Nevertheless, driving campaign supporters insist that the number of Saudis ready to let women drive has grown in recent years. “I can say with a reasonable level of confidence that the number of men opposing women driving is shrinking on a daily basis,” said Zaki Safar, 29, an electrical engineer at the Saudi oil company, Aramco, and an organizer of the Oct. 26 campaign.

“If we are persistent,” said Hala Al Dosari, a 30-something human rights activist and blogger, “I don’t think the government will keep on [saying ‘no’ to female drivers] forever.” 

Keeping the driving issue on the front burner, adds Al Dosari, forces Saudis to question why there are so many societal controls on women even as they become more educated and move into the workforce in larger numbers. “It doesn’t make any sense for women going to colleges and [entering] the professions, to have this type of unnecessary suffering every day because some people want to impose their control on women,” said Al Dosari.

Campaign organizers say they are heartened by recent remarks from some officials, which were interpreted as a softening of the government’s resolve to keep the ban in place. They note that the head of the religious police, Sheikh Abdulatif Al Alsheikh, said there is no religious basis for banning women from driving, and that Justice Minister Muhammad Al Isa said there is no constitutional or regulatory prohibition on it. Another unidentified official of the religious police force said its members had no authority to stop female drivers.

But as usual in Saudi Arabia, other quarters in the government are sending different signals. This was made clear when the driving campaign’s website was blocked — a half-hearted measure at best since most Saudis have get-arounds that give them access to officially blocked sites.

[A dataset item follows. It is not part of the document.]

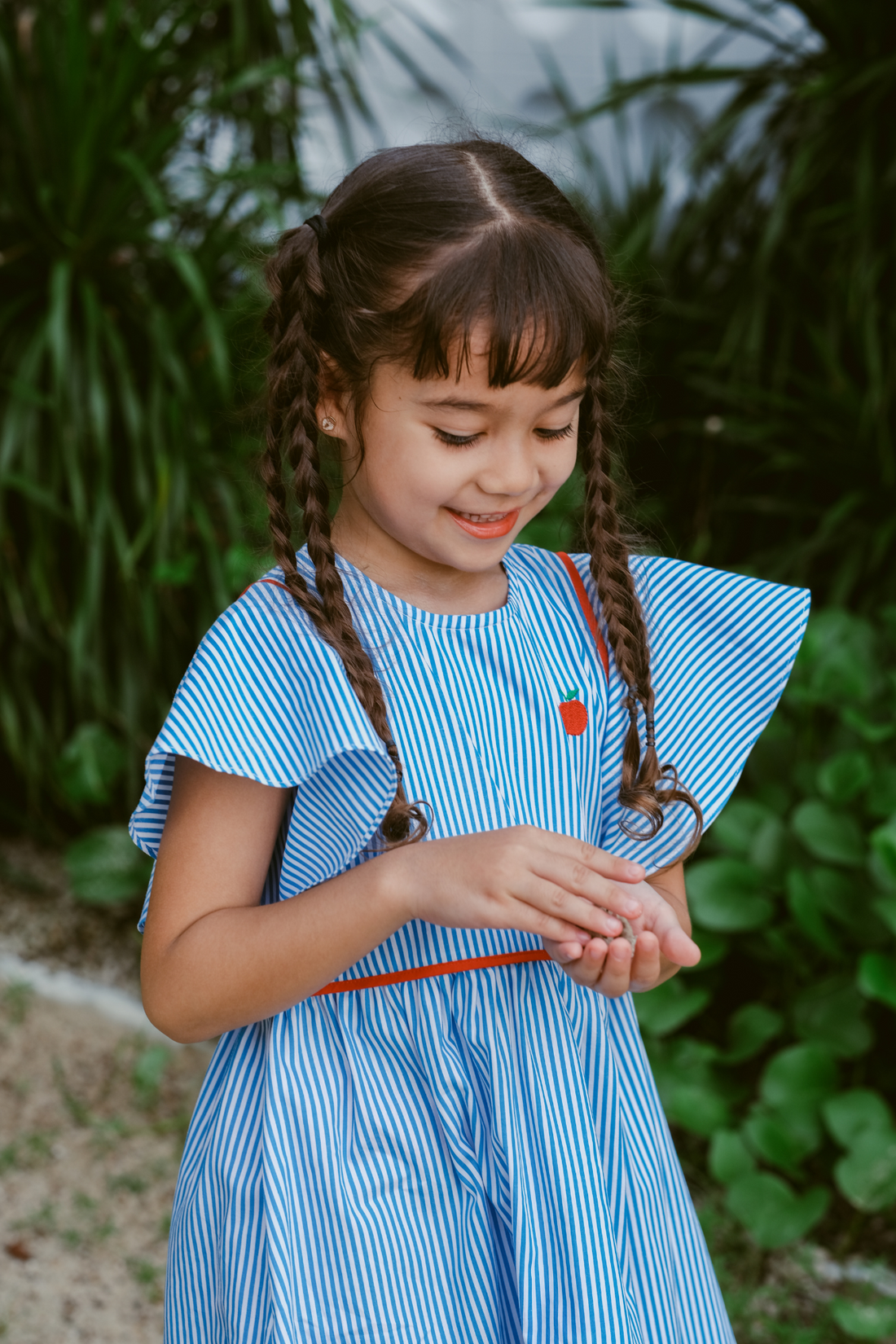 Blue Stripe Apple Molly Dress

The website displays the campaign’s petition, signed by nearly 16,000 people, that explains its objectives. It asks that the government allow women to get drivers’ licenses, and if it refuses to do so, “We demand that it presents to the citizens a valid and legal justification and not simply to defer it to a societal consensus.” As Joshua Yaphe wrote on Oct. 18 in Al-Monitor, “The petition rejects the notion that women must wait for societal attitudes to change before legal reform is possible.” 

So far, there have been no arrests or severe repercussions on women pulled over for driving.

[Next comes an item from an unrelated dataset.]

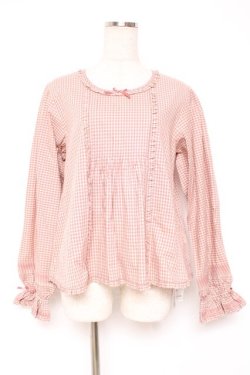 画像1: PINK HOUSE / フリル使いブラウス F ピンク Y-25-12-20-038-LO-TO-SZ-ZY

Last week, police stopped a car being driven by a Saudi woman. One of her passengers was prominent blogger and university lecturer Eman al Nafjan, 35, who also is a campaign organizer. Al Nafjan said the traffic police “didn’t know what to do with us” and were on the phone for more than a hour consulting with superiors before finally taking the women to a police station. There, Al Nafjan said she was forced to sign a pledge that in the future she would not ride in a car driven by a woman.  

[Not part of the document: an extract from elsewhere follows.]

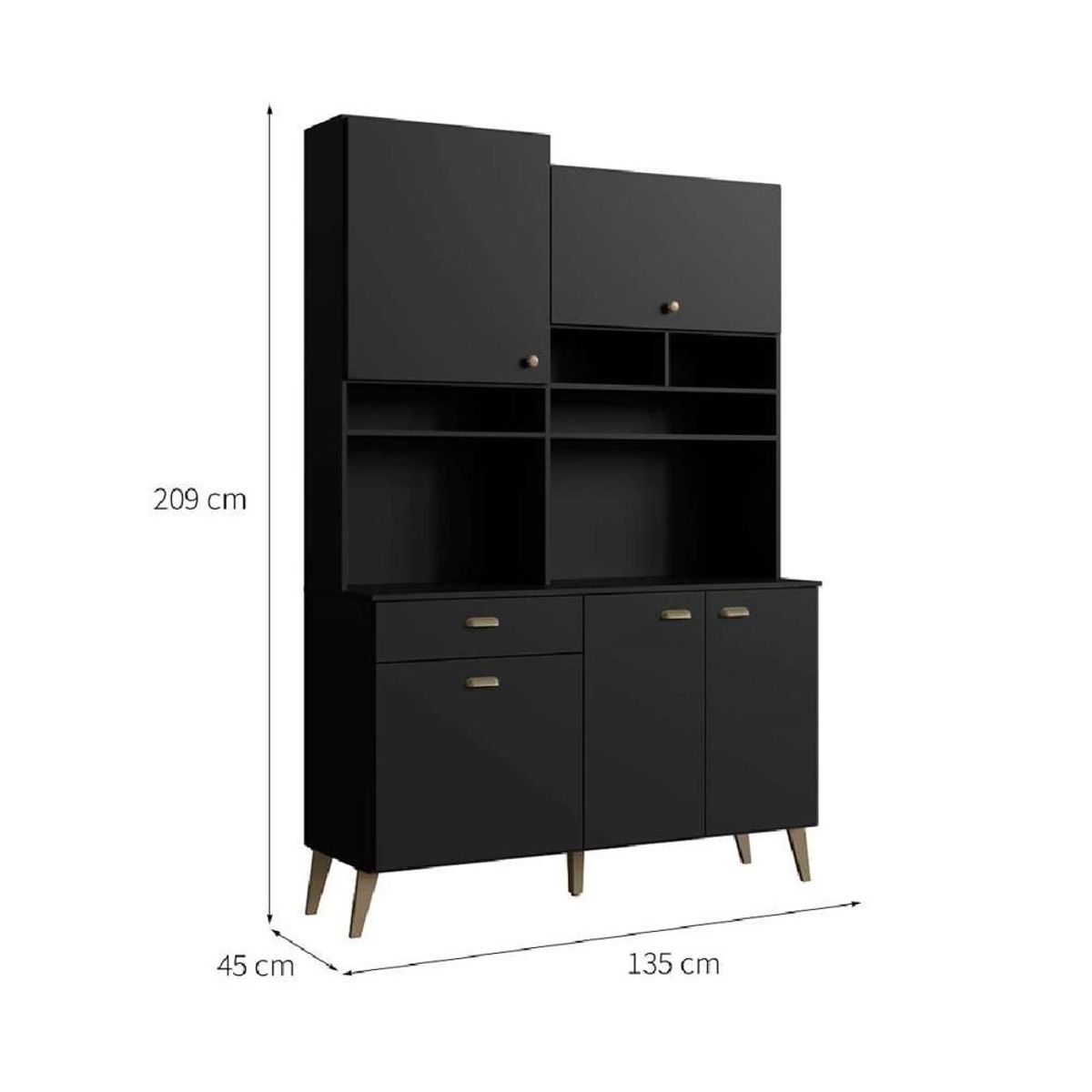 TU MESITA - Alacena Microondas TU MESITA Majus Melamina 18mm color Negro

This treatment is different from the past. In 1990, 47 Saudi women launched the first public protest against the ban by driving around as a group in Riyadh for about a half-hour. Most were fired from their jobs, prevented from traveling abroad and called prostitutes in public sermons in mosques.

The second public protest occurred on June 17, 2011, when around 60 women drove independently of each other. They were mostly ignored by police, though a few were held for hours at police stations and one was sentenced to lashings after being criminally charged. That punishment was canceled, however, after she was pardoned by the king. Prior to the one-day protest, one of its organizers, Manal Al Sherif, was jailed for nine days after she posted a video of herself driving on YouTube.

The latest driving campaign comes at a time when the government is taking a harder line against dissent. The Arab Awakening has not brought the same tumult and revolt to Saudi streets as it has to other countries. But it has raised Saudis’ expectations for greater freedoms and political reforms, which are most clearly expressed in social media, especially Twitter.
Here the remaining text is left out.